Task brief. The copy should hold exactly the lines below from the one that contains "Prom Dress 2025" through the one that contains "Wholesale Promo Gift" and nothing else, so no pictures.

Input records.
◆ ◆ ◆

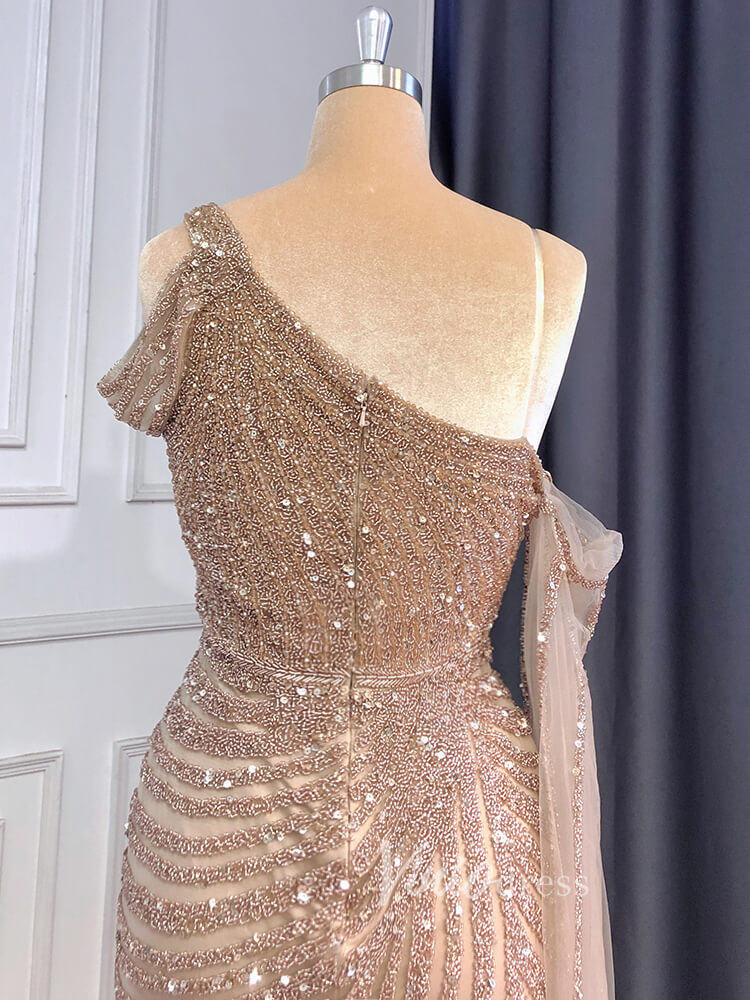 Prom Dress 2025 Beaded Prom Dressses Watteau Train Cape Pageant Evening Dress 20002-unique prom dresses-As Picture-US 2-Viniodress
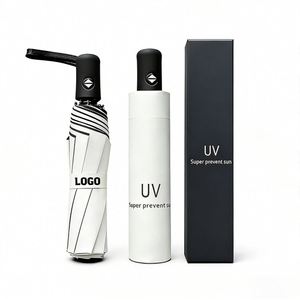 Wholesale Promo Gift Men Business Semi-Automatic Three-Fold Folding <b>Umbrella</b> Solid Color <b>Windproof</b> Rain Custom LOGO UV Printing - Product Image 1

◆ ◆ ◆

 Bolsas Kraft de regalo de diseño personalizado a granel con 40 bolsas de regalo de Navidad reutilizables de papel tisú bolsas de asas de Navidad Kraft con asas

◆ ◆ ◆

Solution to this task.
 Prom Dress 2025 Beaded Prom Dressses Watteau Train Cape Pageant Evening Dress 20002-unique prom dresses-As Picture-US 2-Viniodress
 Wholesale Promo Gift Men Business Semi-Automatic Three-Fold Folding <b>Umbrella</b> Solid Color <b>Windproof</b> Rain Custom LOGO UV Printing - Product Image 1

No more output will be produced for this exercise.